> TASK PROMPT
Repeat the listing word for word. Leave every picture out.

> DATA EXTRACT
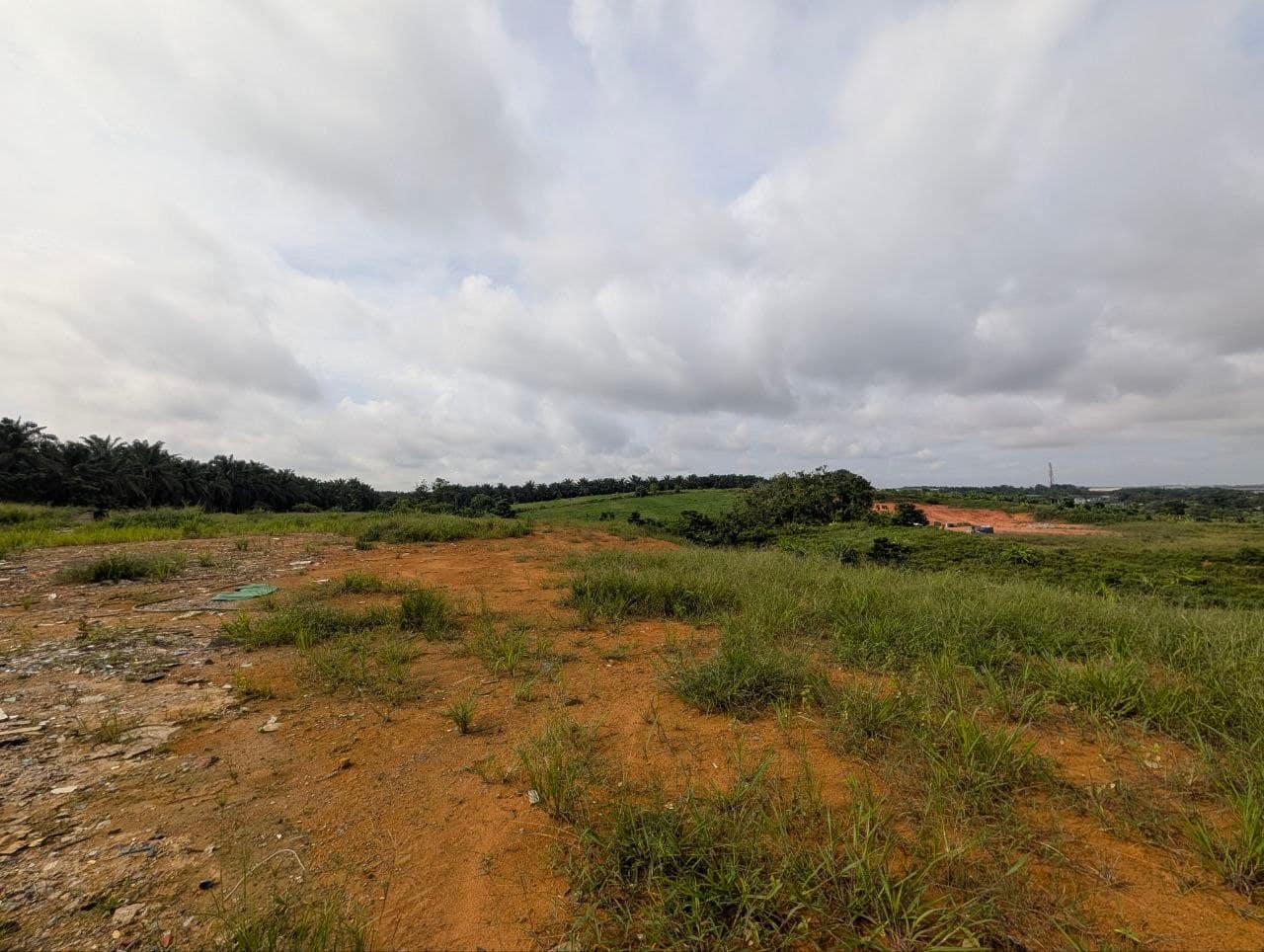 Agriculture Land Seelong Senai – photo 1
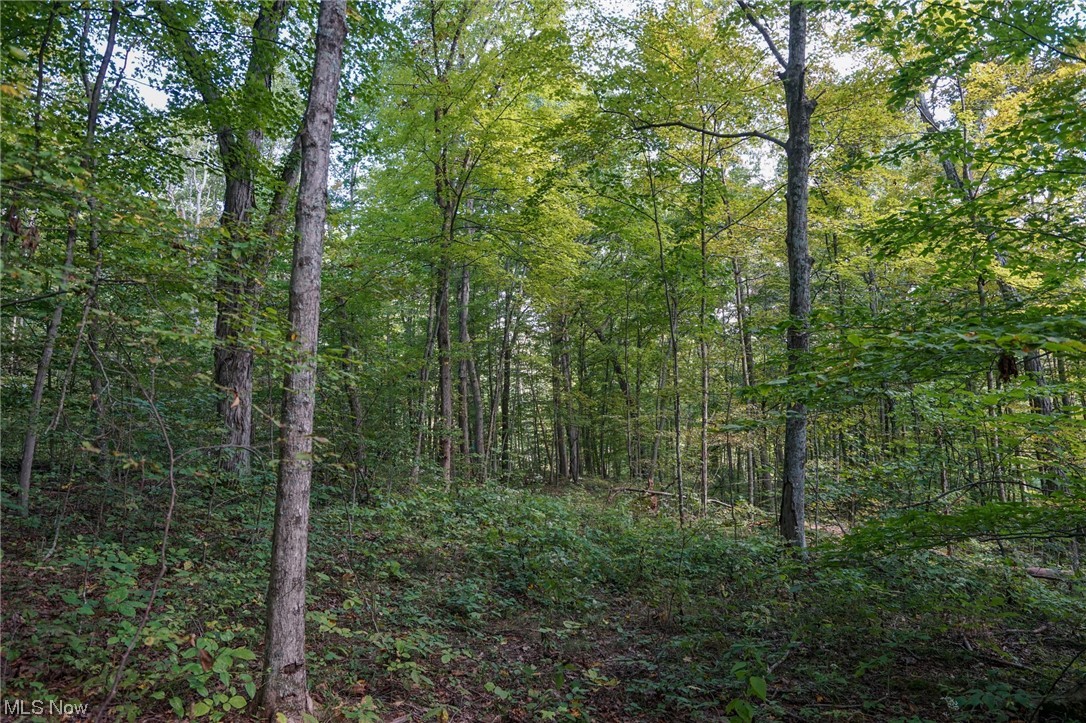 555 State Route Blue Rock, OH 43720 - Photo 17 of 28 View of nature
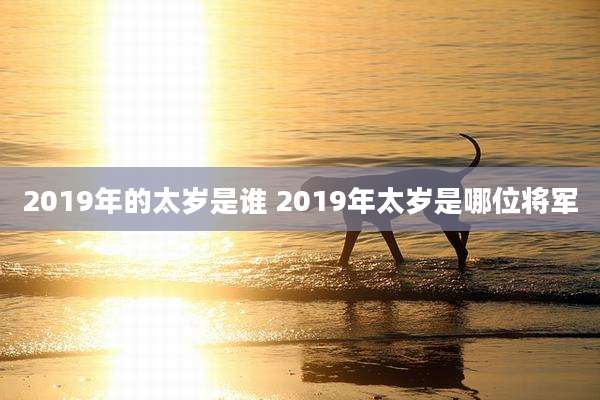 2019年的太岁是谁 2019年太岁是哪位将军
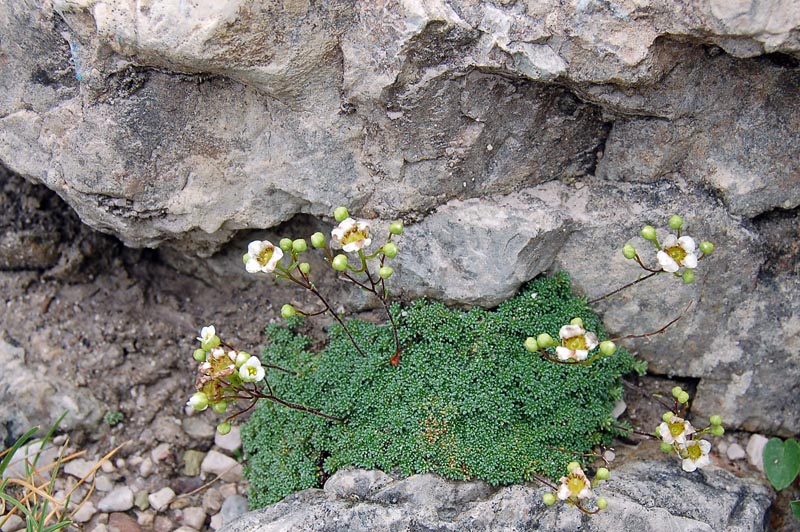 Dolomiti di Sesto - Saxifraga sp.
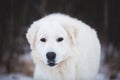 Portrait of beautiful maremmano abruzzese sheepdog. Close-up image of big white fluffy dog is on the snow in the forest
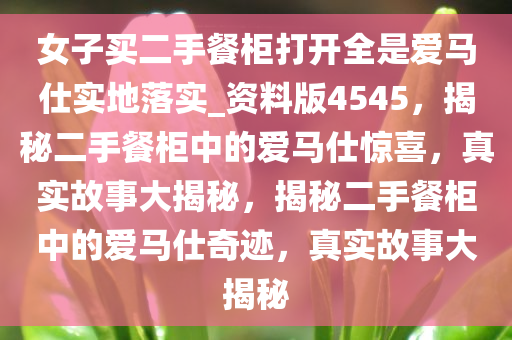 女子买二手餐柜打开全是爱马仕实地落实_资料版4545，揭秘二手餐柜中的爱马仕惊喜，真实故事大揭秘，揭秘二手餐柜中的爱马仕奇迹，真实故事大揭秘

> FINISHED EXERCISE
 Agriculture Land Seelong Senai – photo 1
 555 State Route Blue Rock, OH 43720 - Photo 17 of 28 View of nature
 2019年的太岁是谁 2019年太岁是哪位将军
 Dolomiti di Sesto - Saxifraga sp.
 Portrait of beautiful maremmano abruzzese sheepdog. Close-up image of big white fluffy dog is on the snow in the forest
 女子买二手餐柜打开全是爱马仕实地落实_资料版4545，揭秘二手餐柜中的爱马仕惊喜，真实故事大揭秘，揭秘二手餐柜中的爱马仕奇迹，真实故事大揭秘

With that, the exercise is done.